While I talk a lot about high ticket pricing and bitch about the inflated prices in the online business world, the truth is that the majority of service business owners I’ve worked with are underpricing their services.

What happens is that if they’re working by the hour, they’re leaving themselves short, and their hourly rate is quickly degraded by the hard costs of running their business.

For the sake of simple math, if they’re charging $100 an hour, and then work 15 billable hours a week, they’re making $6,000 a month.

That $6,000 quickly gets cut down as they realize that they spend non-billable time running the business, they have hard costs around taxes and tools and so on.

Quickly, that hourly rate isn’t as sustainable as it appears on the surface.

Now, in this scenario, let’s say this person is billing 15 hours a week, but then there’s scope creep with a couple of clients so they’re doing client work that’s not being billed. That further degrades their hourly rate.

It’d be easy to decide that the solution is project pricing as then it’s a flat rate and you’re not worried about hours.

Here’s the thing. Project pricing is great when it goes well, but when it goes wrong, it goes very very wrong. I always think of a project that we priced at $10k, but when we looked at hours we quickly discovered that it was incredibly unprofitable and there were so many things we couldn’t have foreseen.

From my point of view, if you use hourly-based engagements or project-based ones with your clients matters less if you have a defined hourly rate based on actual data.

If project-based pricing work for you, make sure you’re doing the math to figure out the time involved and using your baseline hourly rate to ensure you’re being compensated appropriately.

If charging by the hour works for you, ensure your hourly rate is high enough that you’re factoring in all the items that truly go into an hour of billable work.

If you need help figuring out your baseline hourly rate and pricing your client engagements better, Profitable Pricing in the SBB Shop has a pricing calculator that can help. Plus, it will walk you through pricing strategy and what to consider. (As a podcast listener, you can take 15% off this product using the code TIME at checkout).

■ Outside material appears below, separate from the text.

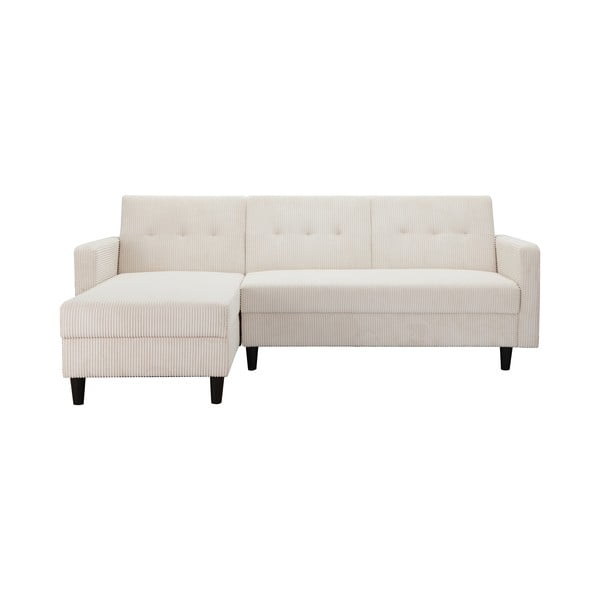 Biela menčestrová rozkladacia rohová pohovka Hartford – Støraa-image-4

Once you have a baseline hourly price, you can use that to back into all of your pricing, and stop worrying so much about if you’re “trading time for dollars”, as that’s really just some marketing hype.

To wrap things up, the more important consideration is if you’re being compensated in a way that helps you meet your goals, and enables you to not be stuck working every minute of every day.

Anyone who’s worked a minimum wage job or struggled to make ends meet knows the harsh reality of what it’s really like to trade time for dollars.

For most of us running a business, that’s not our reality, and we’re incredibly privileged to be able to do so. Let’s bring respect back to people who do trade time for dollars because we all are in this capitalist regime and recognize that we have choices in how we price our services.